> [YOUR ASSIGNMENT] Would you transcribe the whole listing exactly, minus its pictures?

> [WORKING DATA]
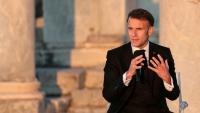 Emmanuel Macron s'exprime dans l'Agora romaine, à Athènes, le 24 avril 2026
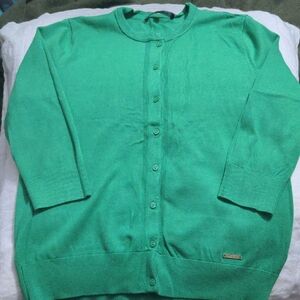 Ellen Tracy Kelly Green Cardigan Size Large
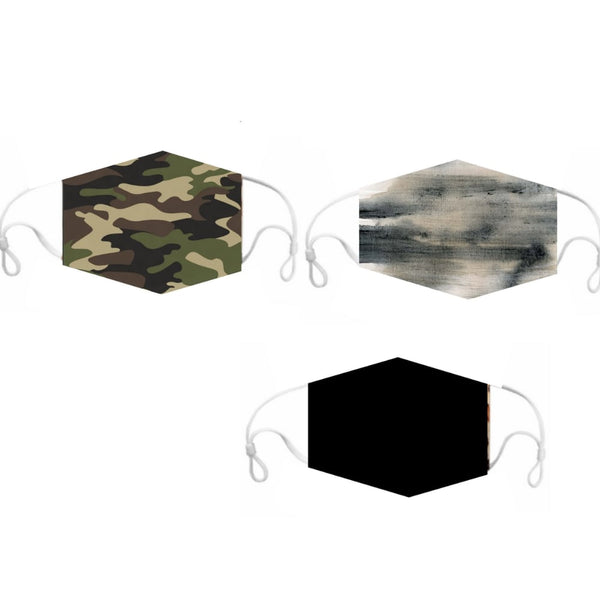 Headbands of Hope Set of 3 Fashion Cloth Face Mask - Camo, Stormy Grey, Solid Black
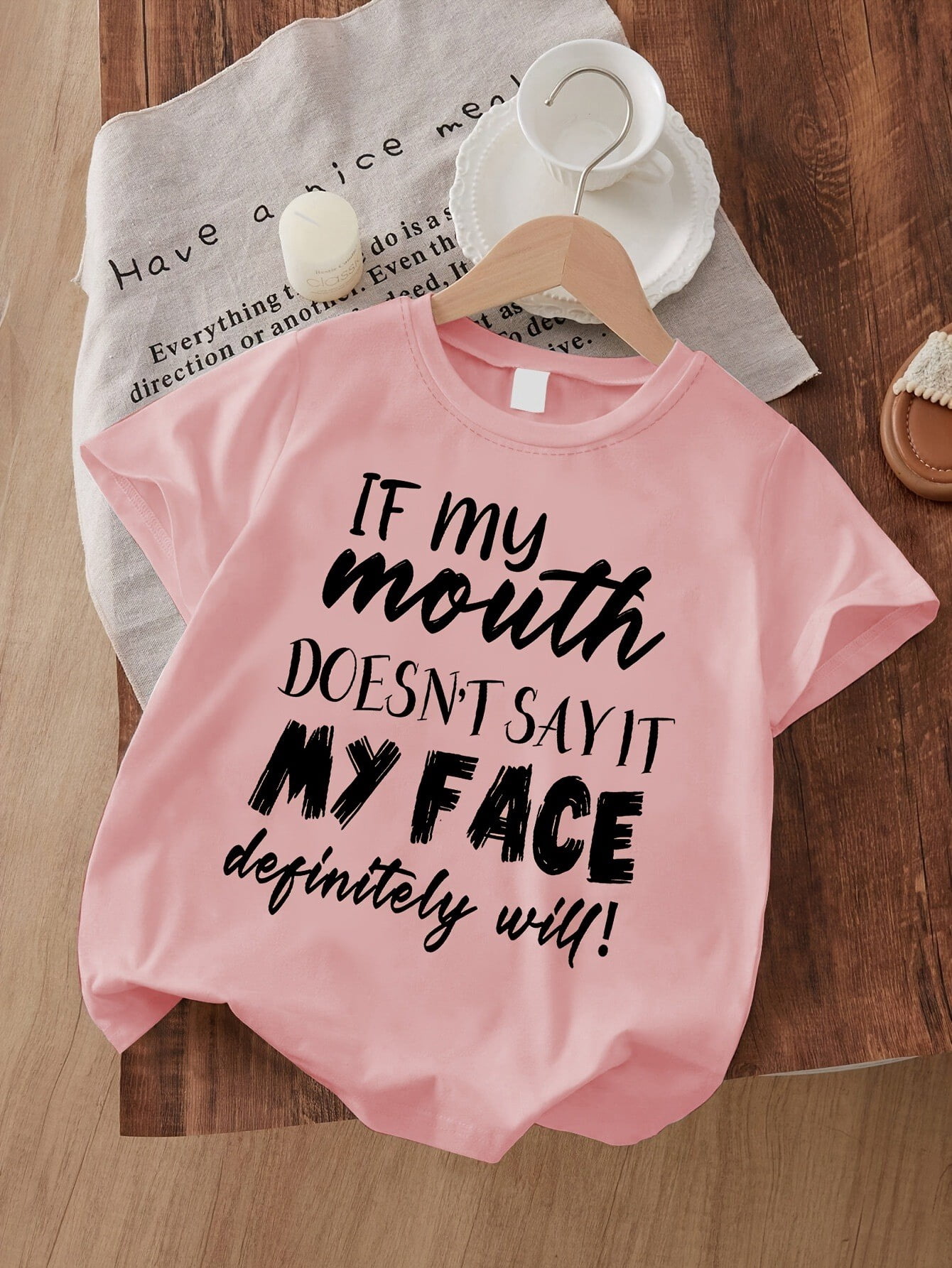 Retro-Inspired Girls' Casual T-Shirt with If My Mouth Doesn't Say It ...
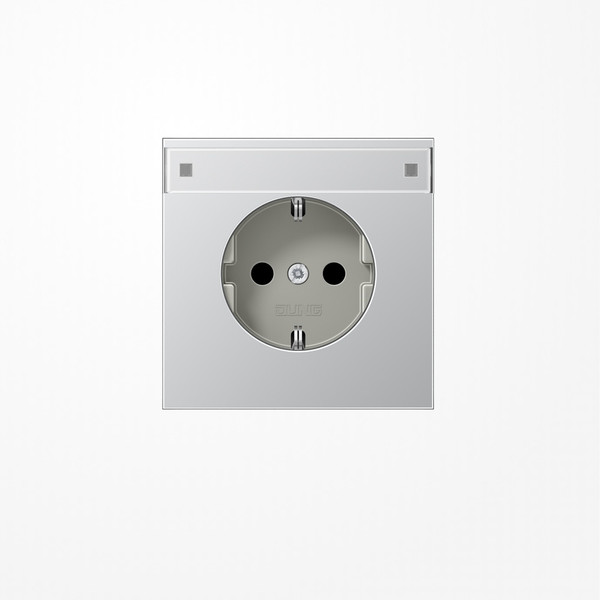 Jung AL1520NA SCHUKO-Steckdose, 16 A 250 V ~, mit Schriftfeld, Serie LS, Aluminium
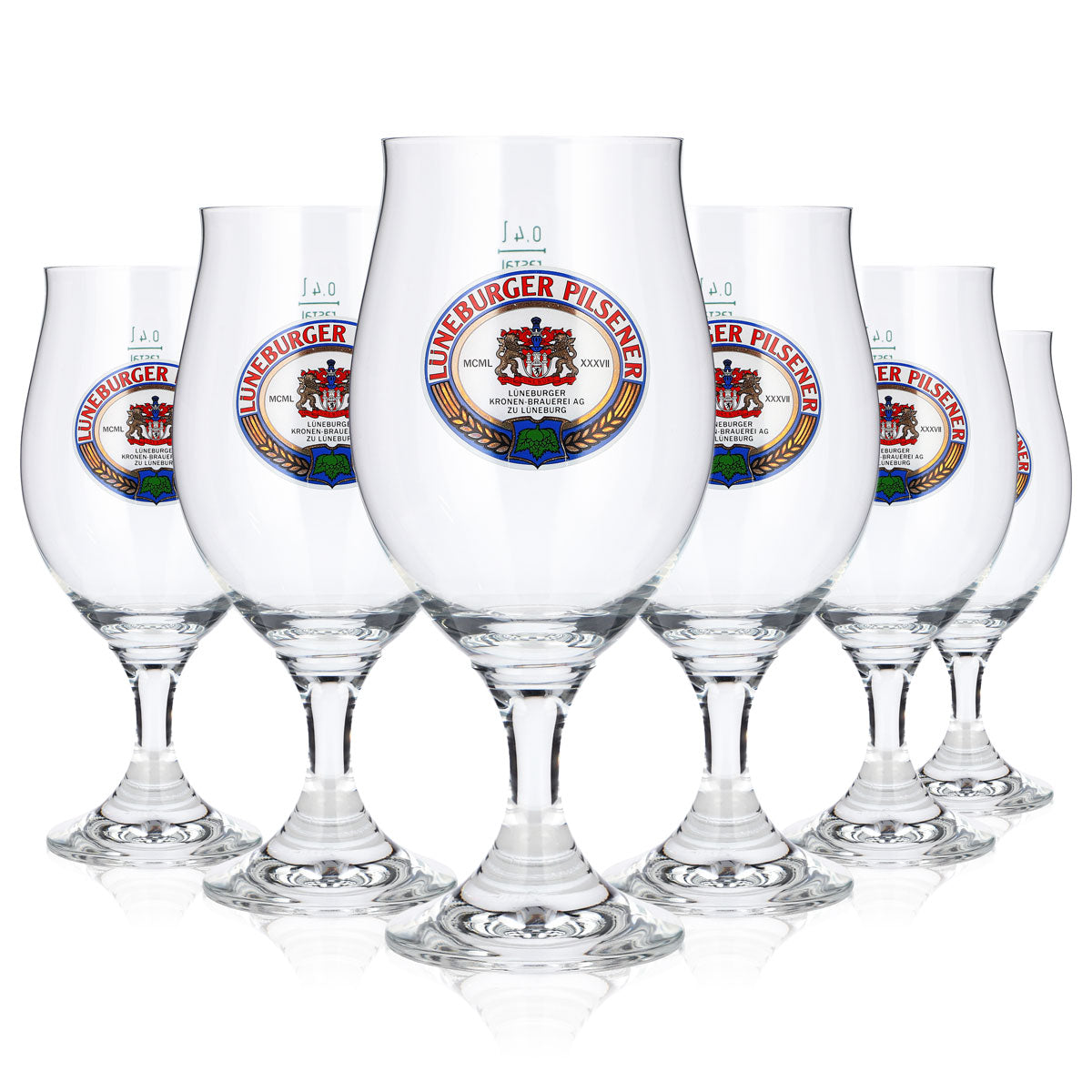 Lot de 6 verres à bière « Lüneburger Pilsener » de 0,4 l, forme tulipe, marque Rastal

> [TASK ANSWER]
 Emmanuel Macron s'exprime dans l'Agora romaine, à Athènes, le 24 avril 2026
 Ellen Tracy Kelly Green Cardigan Size Large
 Headbands of Hope Set of 3 Fashion Cloth Face Mask - Camo, Stormy Grey, Solid Black
 Retro-Inspired Girls' Casual T-Shirt with If My Mouth Doesn't Say It ...
 Jung AL1520NA SCHUKO-Steckdose, 16 A 250 V ~, mit Schriftfeld, Serie LS, Aluminium
 Lot de 6 verres à bière « Lüneburger Pilsener » de 0,4 l, forme tulipe, marque Rastal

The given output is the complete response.